Redox Reactions Part Deux

Lesson: Fire produces CO2
What Happened: Hydrocarbon + oxygen = carbon dioxide + water + heat

According to The Joy of Chemistry: The Amazing Science of Familiar Things (pages 79-81), combustion chemistry is another redox reaction. In this one, a hydrocarbon (a compound made solely of hydrogen and carbon) mixes with oxygen. The carbon is (literally) oxidized, losing electrons to the oxygen atoms, and the oxygen gains enough electrons to attract the hydrogen into forming H2O. Here is what we did:
Materials

Safety goggles
Rubber gloves
Votive candle
Wooden match
2 small clear glass jars
Water
Fish tank indicator
Piece of white paper
Balloon
Drinking straw
Ice cube
1. Pour 4 teaspoons (20 ml) of water into a glass.
2. Add 2 drops of fish-tank pH indicator.
3. Put the glass and one of the empty glasses on a white piece of paper.
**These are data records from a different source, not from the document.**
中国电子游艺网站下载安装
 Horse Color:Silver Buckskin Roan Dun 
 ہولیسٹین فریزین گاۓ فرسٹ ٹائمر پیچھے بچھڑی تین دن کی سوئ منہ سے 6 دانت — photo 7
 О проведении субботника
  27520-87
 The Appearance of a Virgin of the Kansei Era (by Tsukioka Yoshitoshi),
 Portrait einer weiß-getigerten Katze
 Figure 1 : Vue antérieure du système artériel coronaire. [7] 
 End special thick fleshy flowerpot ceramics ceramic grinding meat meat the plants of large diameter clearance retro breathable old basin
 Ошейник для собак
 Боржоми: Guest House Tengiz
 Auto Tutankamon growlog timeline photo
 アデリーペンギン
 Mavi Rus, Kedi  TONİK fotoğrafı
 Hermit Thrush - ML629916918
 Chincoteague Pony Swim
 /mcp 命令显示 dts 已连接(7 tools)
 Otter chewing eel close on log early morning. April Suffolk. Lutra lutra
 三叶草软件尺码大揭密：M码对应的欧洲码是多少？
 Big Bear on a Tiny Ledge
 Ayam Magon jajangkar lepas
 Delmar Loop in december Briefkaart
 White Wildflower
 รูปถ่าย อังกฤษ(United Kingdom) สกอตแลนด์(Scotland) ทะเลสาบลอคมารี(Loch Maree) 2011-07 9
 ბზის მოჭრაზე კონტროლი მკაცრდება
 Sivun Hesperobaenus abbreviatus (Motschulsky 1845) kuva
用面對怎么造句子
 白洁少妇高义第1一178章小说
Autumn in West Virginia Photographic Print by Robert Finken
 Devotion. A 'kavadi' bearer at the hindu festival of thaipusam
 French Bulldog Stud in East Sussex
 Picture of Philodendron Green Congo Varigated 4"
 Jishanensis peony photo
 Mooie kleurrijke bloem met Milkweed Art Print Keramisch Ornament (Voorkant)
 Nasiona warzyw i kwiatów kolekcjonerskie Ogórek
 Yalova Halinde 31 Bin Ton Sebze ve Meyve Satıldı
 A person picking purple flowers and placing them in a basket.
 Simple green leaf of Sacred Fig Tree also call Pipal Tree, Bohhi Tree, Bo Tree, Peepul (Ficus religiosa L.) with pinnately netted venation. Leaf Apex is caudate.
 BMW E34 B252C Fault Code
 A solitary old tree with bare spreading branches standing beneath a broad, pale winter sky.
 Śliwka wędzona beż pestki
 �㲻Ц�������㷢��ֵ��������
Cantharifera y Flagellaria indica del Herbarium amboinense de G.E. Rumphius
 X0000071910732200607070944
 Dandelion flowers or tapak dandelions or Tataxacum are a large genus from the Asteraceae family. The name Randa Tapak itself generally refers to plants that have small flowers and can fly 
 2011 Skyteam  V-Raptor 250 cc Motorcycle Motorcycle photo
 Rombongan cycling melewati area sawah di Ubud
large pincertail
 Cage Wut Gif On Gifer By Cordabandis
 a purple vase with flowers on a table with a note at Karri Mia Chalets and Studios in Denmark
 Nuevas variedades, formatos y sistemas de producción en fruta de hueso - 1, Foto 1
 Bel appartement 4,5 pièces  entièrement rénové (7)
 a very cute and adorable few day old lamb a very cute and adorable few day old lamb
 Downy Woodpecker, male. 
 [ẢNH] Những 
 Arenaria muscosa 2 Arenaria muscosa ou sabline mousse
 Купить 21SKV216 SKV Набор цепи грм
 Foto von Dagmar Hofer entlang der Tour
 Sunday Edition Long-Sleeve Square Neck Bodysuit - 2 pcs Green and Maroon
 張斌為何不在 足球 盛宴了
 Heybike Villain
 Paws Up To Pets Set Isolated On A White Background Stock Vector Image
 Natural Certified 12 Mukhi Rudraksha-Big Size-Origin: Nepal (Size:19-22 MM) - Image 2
The water should look faintly green-blue.
4. Light the candle. Invert the empty glass over it. Allow the flame to burn out.
5. Turn the glass over and IMMEDIATELY pour the water solution into it.
6. QUICKLY cover the glass with your hand. Swirl the solution around to mix with the gases from the flame.
7. Put the glass back on the paper. It should have changed color.
8. To test that CO2 was the cause of the color change, make another indicator solution as before in clean glass. Blow up a balloon and pinch closed. Put a straw into the opening of the balloon so that the gas goes into the solution. It should change color the same way.

We also did the next demonstration, to prove that fire produces H2O (page 80):

Materials

Votive candle
Wooden match
1 small clear glass jar
Ice cube
1. Light the candle. Hold the glass over it. Place an ice cube on top.
2. Water will condense inside the glass.